So I run away and get arrested.

Well, in all fairness to the Travis County Sheriff's Department, my brother Aaron and I are only made to hang around the station for the afternoon. We aren't actually fingerprinted and booked, or put on a chain gang or anything like that, which is surprising, Texas justice being what it is. I want to call Aaron my co-conspirator in running away but I can't since I am the instigator. We ditch Gary, telling him someone has to stay behind and deliver our demands. My now-half-brothers are twelve and thirteen. I am nine. Maybe they let me play fearless leader because they know I'm playing for keeps.

Sunday, January 29, 2006

Vegas Savior in a Bikini

I want my mother so badly I save every single scrap of paper or greeting card she sends me, rereading them, holding them, smelling the traces of Givinchy L'Interdit. She is a fetish.

I'm held against my will by the evil man who calls himself Dad, and my only potential Savior is my mother.


Except for occasional Alternate Savior possibilities.


I meet Mrs. Rosen, a curvy forty-ish woman in the pool, during a three-month stay in Vegas when I am eight. She is an excellent Alternate Savior possibility.

This is two years after Cairo. Adam, the Dad, has taken us to Caesar's Palace and is said by his mother, my grandmother, Beelzebubbe, to be losing something in the neighborhood of a quarter of a million dollars. I am told Caesar's mistakenly believes my grandfather, Adam's father, will pay whatever is owed. As my dad sinks deeper into debt they keep moving us to glitzier comped rooms and we have no limit on our free room signing privileges. In the final few weeks we are in a penthouse suite with purple velvet everywhere.

The fact that Adam apparently never pays Caesar's the money he has lost confuses me greatly. Don't they kill people who do that?

There is a whirlpool area of the pool where you put a silver dollar into a slot and the water jets tickle your crotch if you maneuver yourself into the right position. I almost never get to use the whirlpool since getting hold of an actual dollar in cash is always hard, even as signing for a $200 meal is not a problem. One morning I treat six people to breakfast. Reminder: I am eight years old.

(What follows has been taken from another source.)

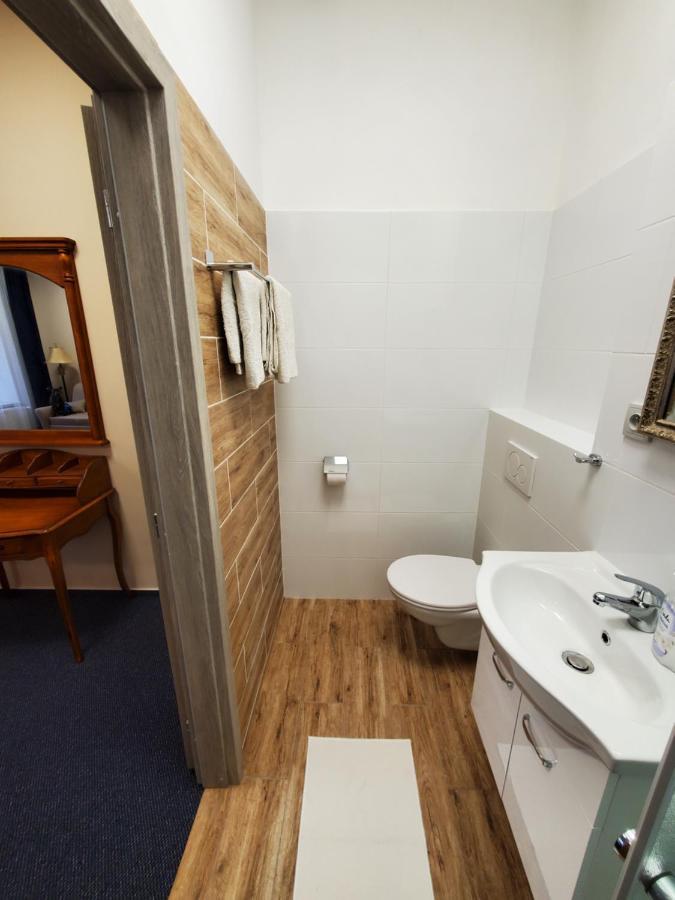 Hotel Koruna penzion Teplice nad Metují Esterno foto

When I meet Mrs. Rosen at the pool she wears a blue bikini over her tanned body. Her black hair reminds me of Mom. She is warm and gregarious, an easy talker. If she thinks my paying for lunch is bizarre she doesn't say so. We talk about everything and nothing and bond thoroughly. After I walk her to her suite and say good-be, I spend the rest of the afternoon feverishly envisioning my future. My new life will start with my emotional confession to Mrs. Rosen of my Dickensian circumstances, her loving embrace with promises to adopt me, and a fresh start with her under an assumed name. (I'm uncertain whether I imagine Mr. Rosen liking me or Mrs. Rosen dumping him so she can be with me exclusively.) By the time I work up the courage to go find Mrs. Rosen and throw myself on her mercy I can't remember where her room is. I wander up and down the flocked hallways knocking on doors without success. I feel such shame. I have thrown away my one chance for happiness.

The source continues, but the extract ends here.